When most people think of winter in the Pacific Northwest, they think of depressingly gray skies, constant rain, and not much else. The reputation of being the rain capitol of the world haunts the region, especially those living on the drenched Olympic Peninsula. It is true that clouds, more often than not, blanket the region, dumping 14 feet of rain a year in places. However, in the cold months, when most of the country assumes that clouds are sitting over the Olympic Peninsula like an umbrella, blocking the true beauty from escaping, the mountains become a winter wonderland.
High up in the Olympic Mountains, nearly a mile above sea level, Hurricane Ridge gives one of the nation’s best panoramic views. Just 17 miles away from the international port city of Port Angeles, “The Ridge”, is one of the more popular destinations in Olympic National Park. Open four days a week, this wintery wonderland offers the very best snowshoeing, cross-country skiing, and snowboarding environments in the Pacific Northwest. While there is a kid-friendly sledding area near the Hurricane Ridge Visitor Center, the main draw to the region is the nearly 400 inches of powder that fall on the snowy summit each winter.
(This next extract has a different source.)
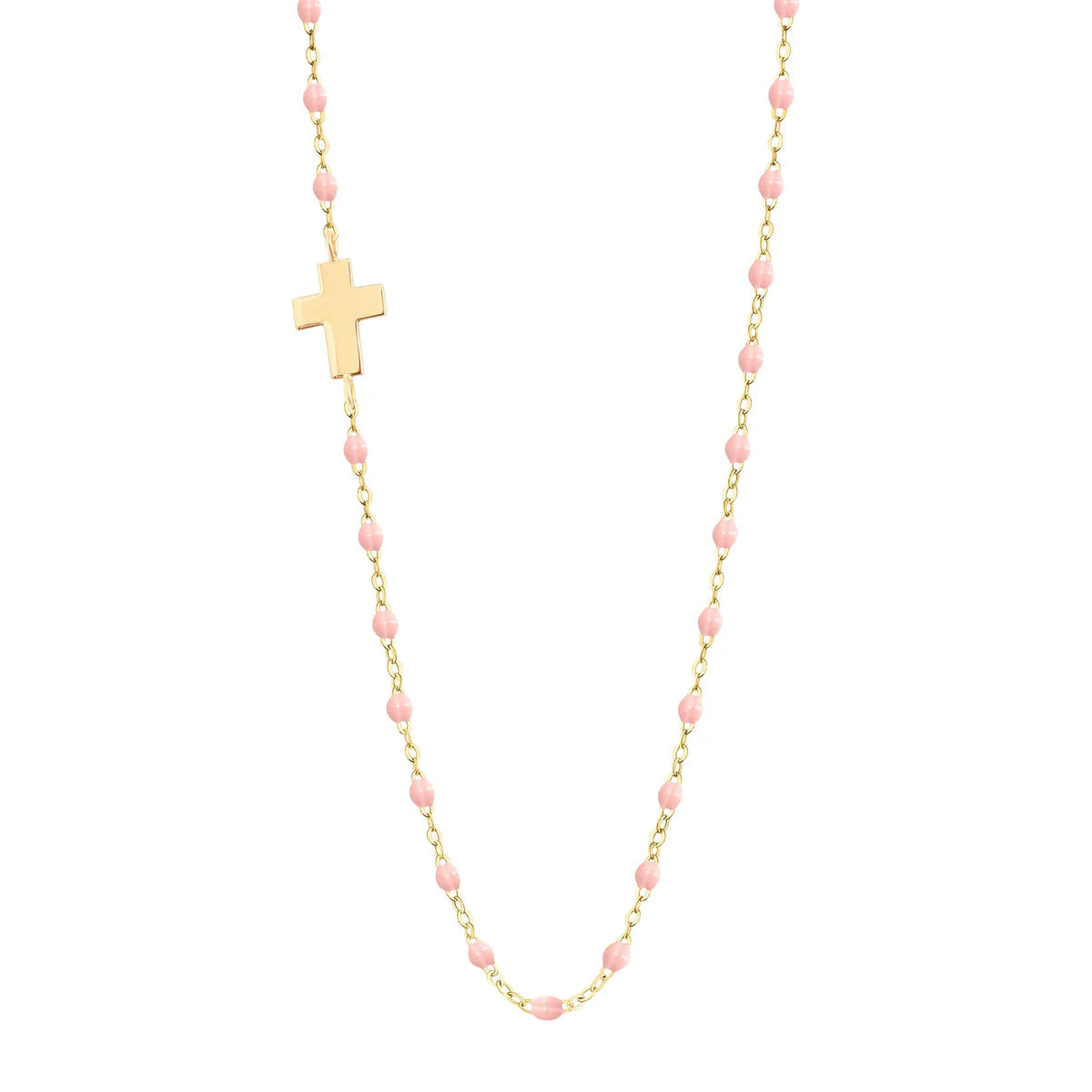 Gold chain necklace featuring small pink resin pearls and an off-center cross. Inspired by the Gigi Clozeau Side Cross Necklace 16.5".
Hurricane Ridge Ski and Snowboard Area is one of only three operating ski and snowboard areas in our National Parks. It has 10 trails, two rope tows, one lift, and views as far as the eye can see. While only officially sporting an elevation drop of 800 feet, there are a few backcountry areas where those looking for adventure can find waist deep powder and epic lines. Hurricane Ridge also has a terrain park with natural hits, jumps and rails, set against the glorious panorama of the Olympic Mountains.
Mitch Zenobi, a local to the northern Olympic Peninsula, has been enjoying the powder at Hurricane Ridge since 2009, when he first started snowboarding. On Christmas Eve, 2009, Mitch bought a cheap board at a pawn shop, rented a pair of boots, and hit the Olympic slopes for the first time. After his first run, he was hooked.
“Oh that’s a tough one, there are so many,” Mitch recalled when asked to share his best memory at Hurricane Ridge. “I think my best experience up there was the entire 12/13 season. I didn’t miss a single day of the lifts running, and the road didn’t close once due to bad weather, and there were more powder days than I can count.”
For locals like Mitch Zenobi, Hurricane Ridge helps define the region and the people, especially those looking for more extreme activities in the snowy months.
“It means everything to us.” Mitch shares, when asked about the local community’s relationship with Hurricane Ridge. “Riding snow is our passion, and Hurricane Ridge is our Valhalla. It’s our home away from home. The days we aren’t up there, we count the days until we can be. During the summer, we hope for early snowfall and a long season of good snow and clear roads.”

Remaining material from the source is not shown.